Debt affects many aspects of our lives and shapes our socio-economic relationships. But where and how do debt economies materialize in cultural, local and global, individual and collective relationships? This and other questions will be explored in the exhibition Unsettling Matters of Interest, which will be on view at the GAK from May onwards. As a prologue to the exhibition, the GAK invites to a performance by Lili Huston-Herterich and a reading by Miriam Stoney. Both artists will also be represented with works in Unsettling Matters of Interest.

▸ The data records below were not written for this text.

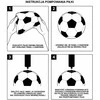 Futbolo kamuolys FC Bayern München R.5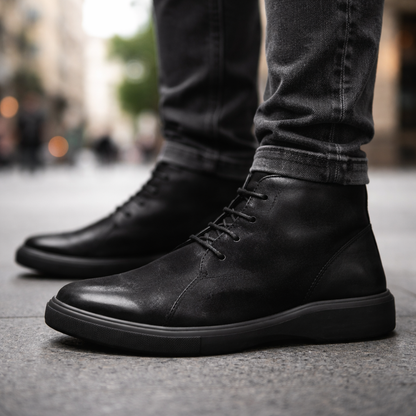Elian - Sleek Everyday Ankle Boots | By Mason & Reed London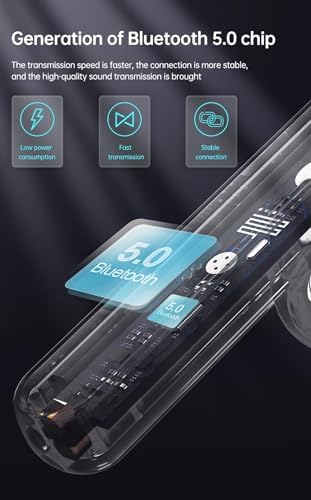 Revolutionary Three-Proof Wireless Earbuds with Active Noise Cancellation – Ultimate Comfort, Fast Charging & Bluetooth Compatibility for Any Environment
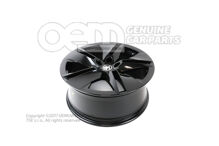 Alumínium felni Fekete metál 5LG071499C FL8 (2)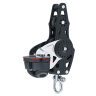 Блок Harken 57 mm Carbo Fiddle w/Cam Cleat & Becket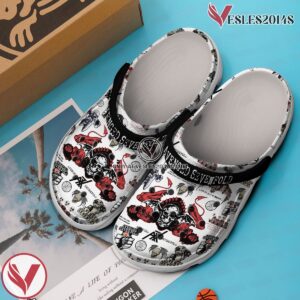 Avenged Sevenfold Music Crocs Crocband Clogs Shoes, Unique Gifts For Fans Style 3 - Vesles2014S 3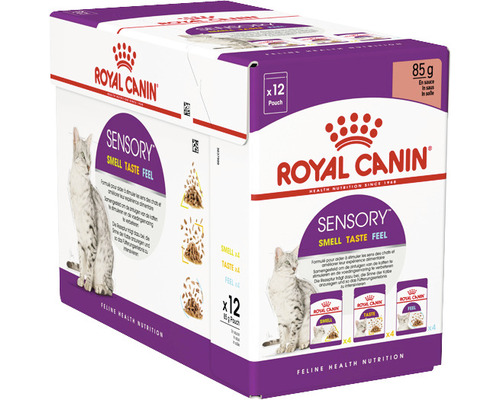 Royal Canin Sensory Katzenfutter, 12er-Pack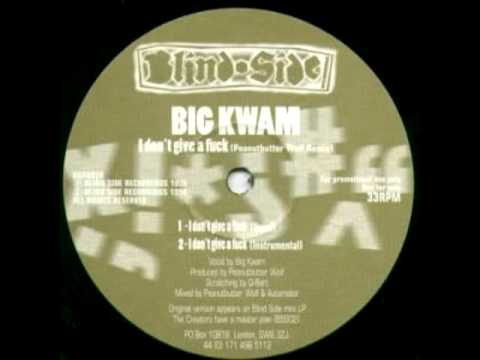 Video thumbnail for I Don’t Give a F… (Peanut Butter Wolf Remix) (Instrumental)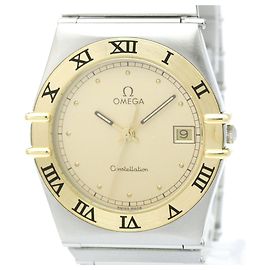 Reloj OMEGA Constellation 18K Gold Steel Quartz Otro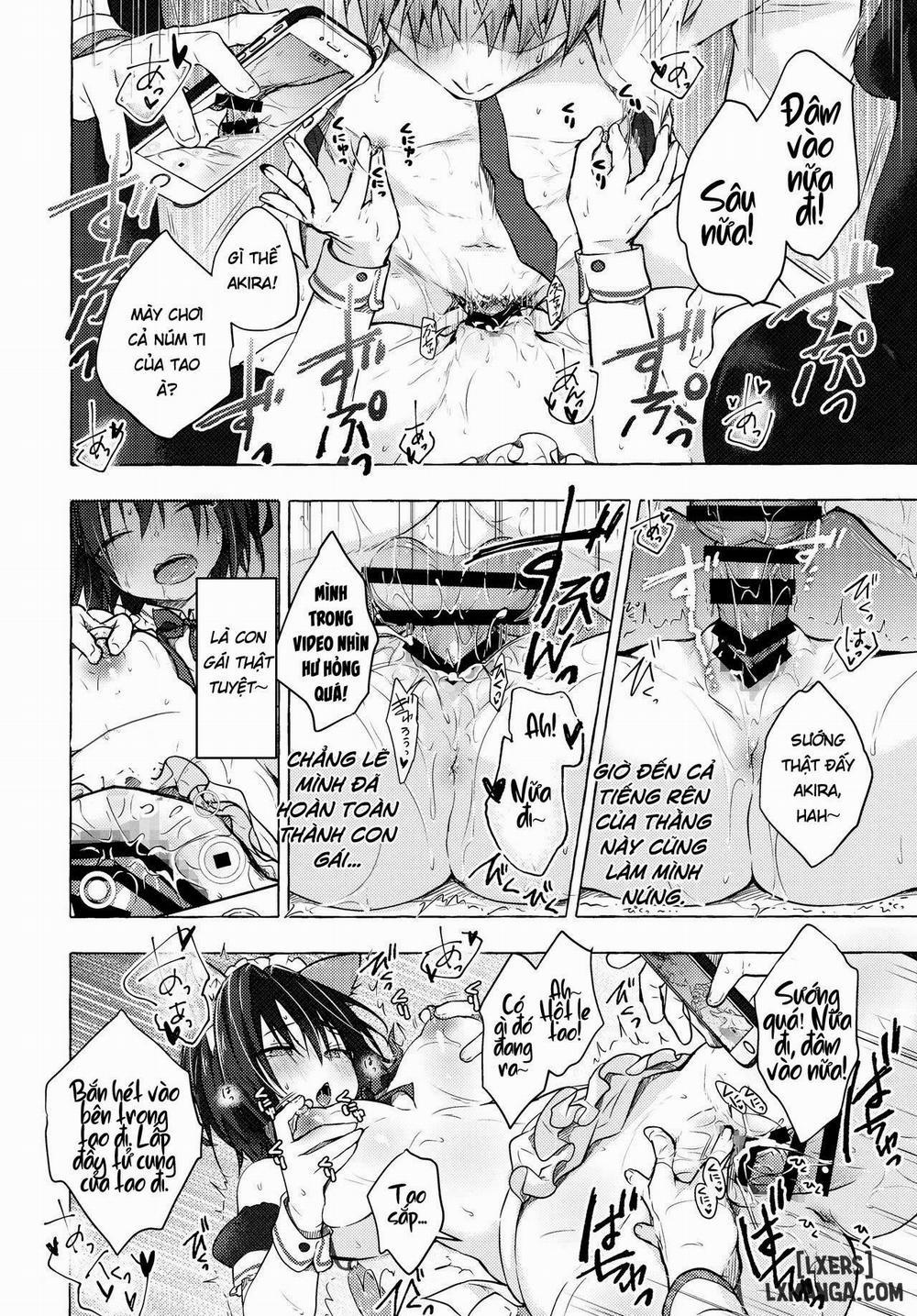 Cuộc sống tình dục mới của Akira-kun! Tập 4 trang 18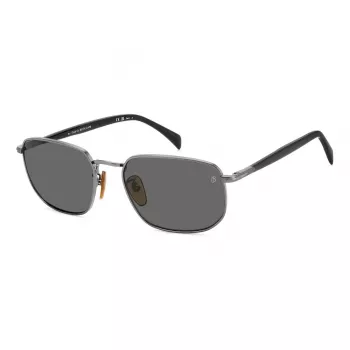 David Beckham DB 1143/S KJ1 stačiakampiai acetatiniai akiniai nuo saulės 57mm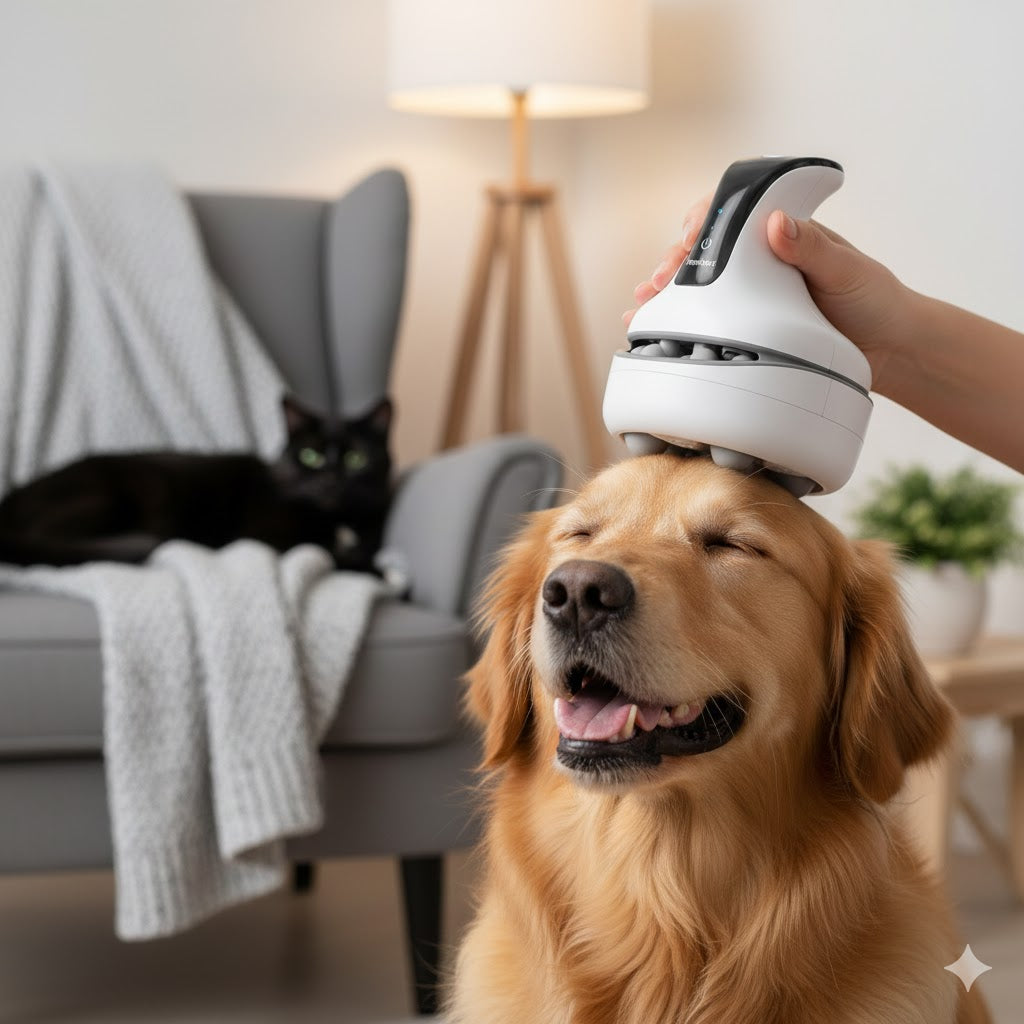 Pet Head Massager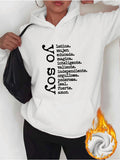 Women's Hoodie Spanish phrases and Latin American sayings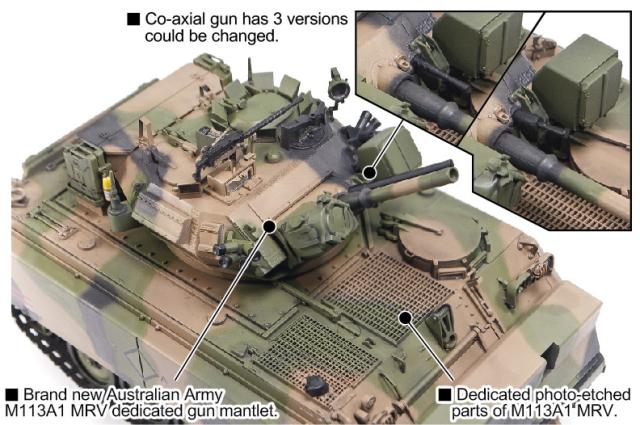 AFVクラブ 【再生産】1/35 オーストラリア陸軍 M113A1 MRV 中型偵察車【FV35023】プラモデル 返品種別B_9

The performance Let Me Tell You About This Shoe positions the presentation of artistic research and work as gift-giving. Huston-Herterich uses humour as a vehicle to propose modes of artistic, learning, and citation practices that challenge the illusion of an untethered individual, enforced by neoliberal mantras for independent labour and success with an origin in colonial exploitation and social oppression. Lili Huston-Herterich (*1988) works in various media to explore the relationships between her surroundings, history and people.
In her text Debt Verses, Miriam Stoney reflects on the concept and the various dimensions of “debt”, on its effects on the self-image and on relations in the context of class and spatio-temporal situatedness between past, present and future. Miriam Stoney (*1994) is a writer, artist and performer. Her artistic practice is mostly collaborative and text-based, but also includes performance, audio and installation.